Even though I believe elite cue theory is valid, I'm not sure if it could be applied to this case study. On the one hand it’s almost working in reverse because the elite were afraid the non-elite public would demand action against the genocide. On the other hand, maybe because the elite knew that if they used the term genocide they would have to intervene. Therefore, the public would take its cue from the elite and would also demand action.
Berinsky believes that foreign policy is connected to domestic policies. I would agree with him here as well. In the 1990s the U.S. wanted to reap the peace dividend they won at the end of the Cold War. They were not looking to get involved in other conflicts. And they also had the “Somalia Syndrome” working against them; the government was weary of becoming involved in humanitarian missions that would risk U.S. lives.
However, even more important than discussing Berinsky’s ideas is how the U.S. government bureaucracy prevented action in Rwanda. Presidential Decision Directive (PDD) 25 solidified trends in the U.S. national security process that made action in Rwanda extremely difficult. It greatly expanded the Department of Defense’s (DoD) role in policy formulation instead of giving authority to the State Department. PDD 25 was focused on humanitarian missions, but since the DoD was given more power, they were the ones to decide if action should be taken.

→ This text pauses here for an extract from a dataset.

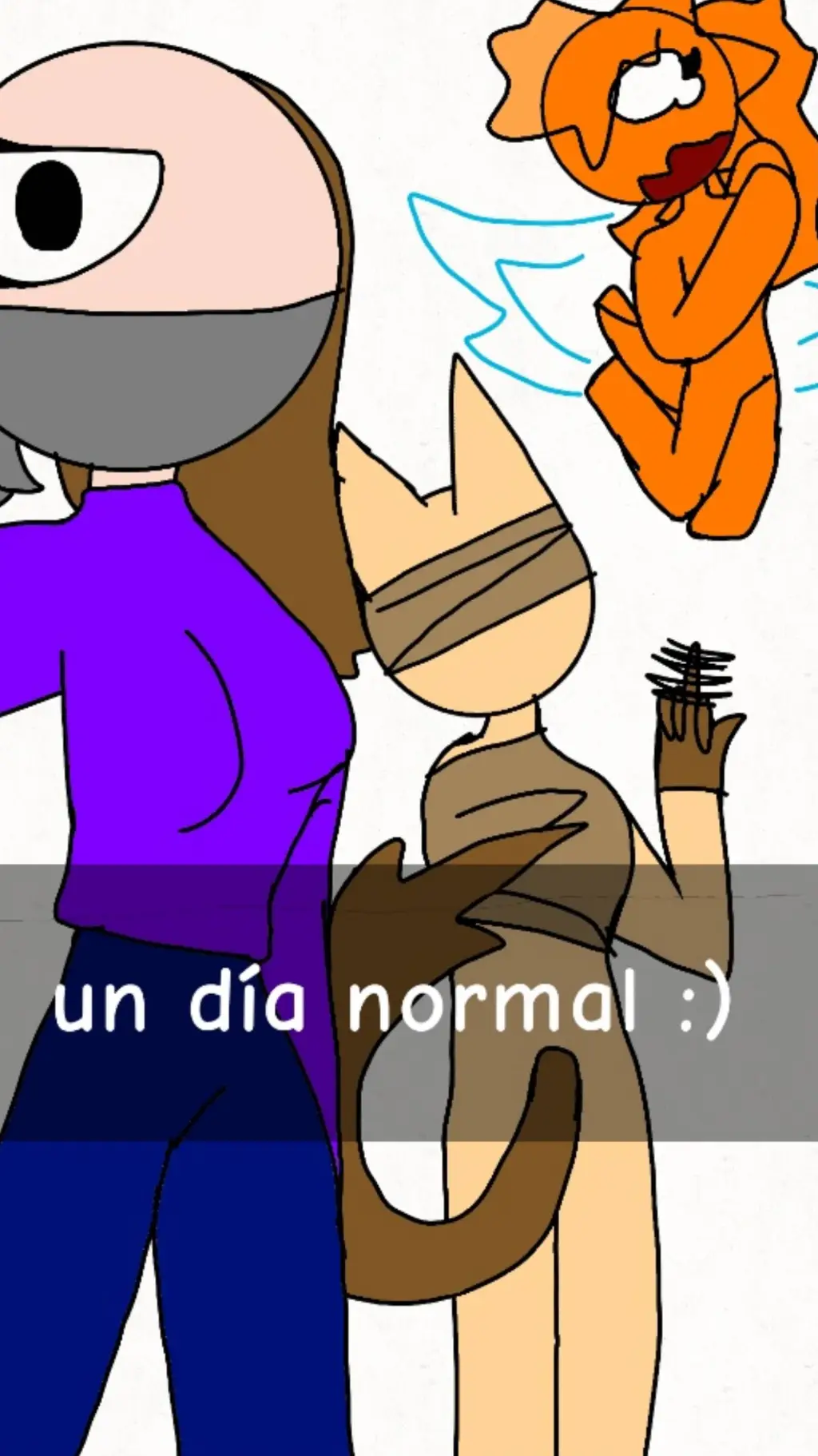 ai character: el grupo 💙💜🧡🤎 background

The military decided they were not equipped to focus on two wars at once and did not see the Rwandan mission as protecting national interests. The government had the opportunity to decide how they should respond to humanitarian crises, but instead created a system that focused on consensus and crippled the very process that was supposed to develop effective courses of action.
In conclusion, when reading through the case study it was disheartening to see that the U.S. government had been provided with warnings of the possibility of violence and genocide, but were not prepared to respond. Even more disturbing was the fact that it was obvious that genocide was taking place and that they refused to acknowledge it. Hopefully case studies like this will invite discourse and new ideas on how to improve bureaucratic decision-making models within the national security process.